- Born: November 22, 1955 (age 70) Brofoyedru, Ghana
- Occupations: Activist, professional journalist

= Rose Mensah-Kutin =

Ghanaian gender advocate and journalist

Dr Rose Mensah-Kutin (born 22 November 1955) is a Ghanaian gender advocate and professional journalist. As of October 2016, she is the West Africa Regional director for ABANTU for Development.

==Early life==
She was born and raised in Brofoyedru, a town in the Adansi South district of the Ashanti region of Ghana, to a cocoa and coffee farmer.

==Education==
Dr Mensah-Kutin was once a student of Brofoyedru Middle and United Methodist Middle Schools. She completed Accra Girls Secondary School and later went to Aggrey Memorial Zion Secondary School for her sixth-form education. She completed a bachelor's degree in English and History 1978 at University of Ghana and returned to do master's degree in Mass Communication from the same university in the following year.
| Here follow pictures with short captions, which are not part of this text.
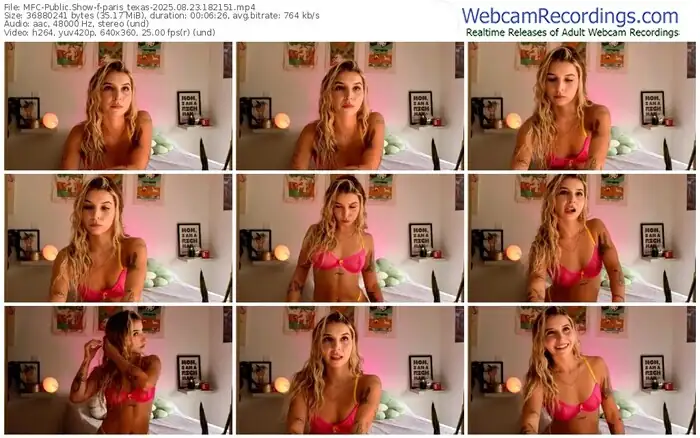 2025/08/23/mfc-paris_texas-18-21-51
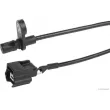 Capteur, vitesse de roue HERTH+BUSS JAKOPARTS J5921047 - Visuel 1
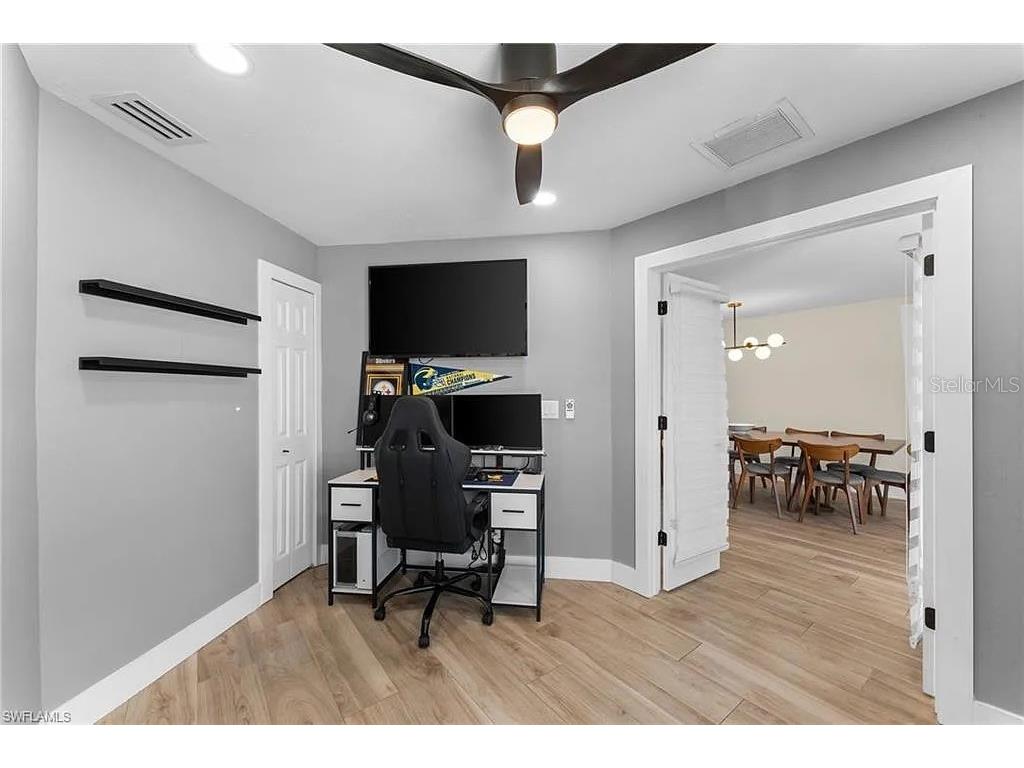 1923 SE 26th Street Cape Coral FL 33904 D6147681 image3
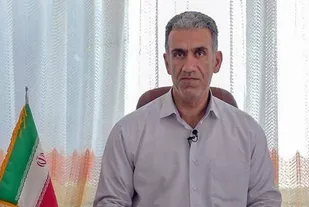 برگزاری 300 برنامه به&zwnj;مناسبت هفته جوان در کرمانشاه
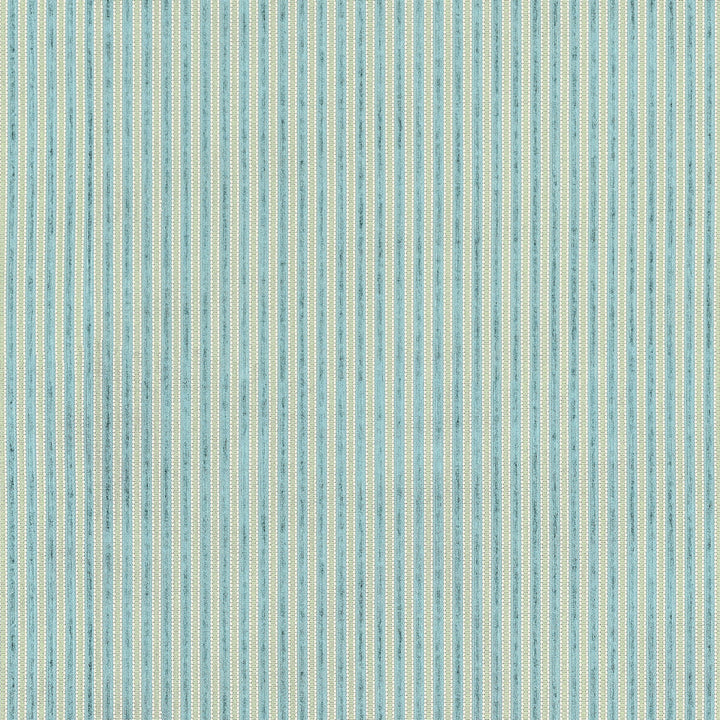Balderic Stripe Mineral AW9237 by Anna French Fabric Anna French Fabric Balderic Stripe Mineral AW9237Fabric Camelot </p><p>Repeat: V: 0.00" (0.00 cm) 54.00" (137.16 cm) - Fabric Carolina -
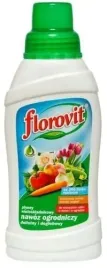 nawoz-plynny-uniwersalny-055kg-florovit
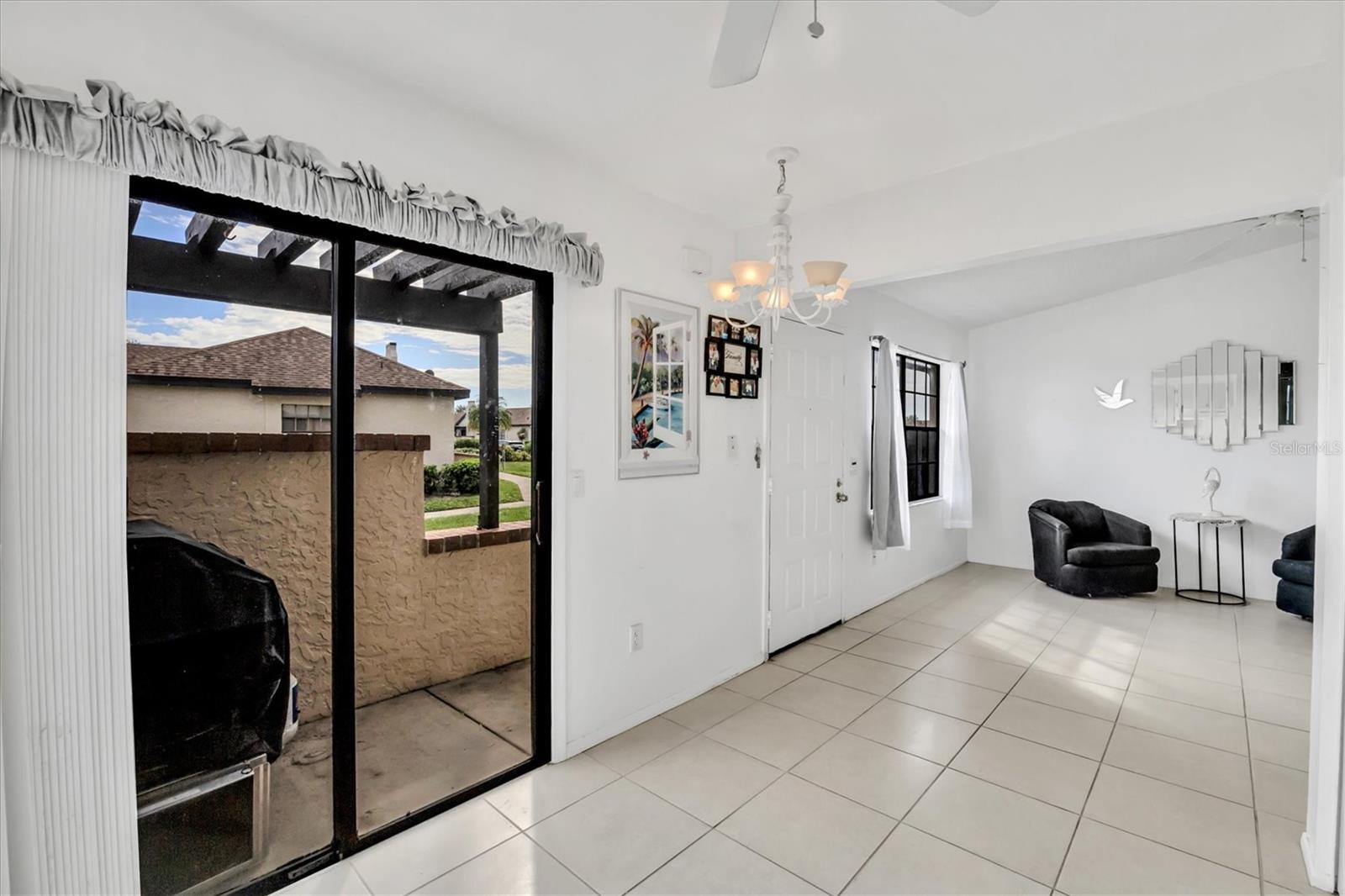 PORT CHARLOTTE SEC 95 02 - Residential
She holds a second master's degree from the Institute of Social Studies, The Hague, and a PhD in Gender and Energy Studies from the University of Birmingham, UK.

==Career==

Earlier on in her career, she worked as an assistant editor for Daily Graphic in Ghana shortly after she co-founded Network for Women’s Rights in Ghana in 1999. She was one time Social Impact Assessment officer at Ghana's Ministry of Mines and Energy. She sits on the boards of The Netherlands-based International Gender and Energy Network (ENERGIA) and African Women Development Fund in Accra, Ghana. She is currently the West Africa Regional director for ABANTU for Development, an international non-governmental organisation that empowers women by giving leadership training in sustainable development.

==Personal life==
She is married to Professor Kwame Karikari with four children.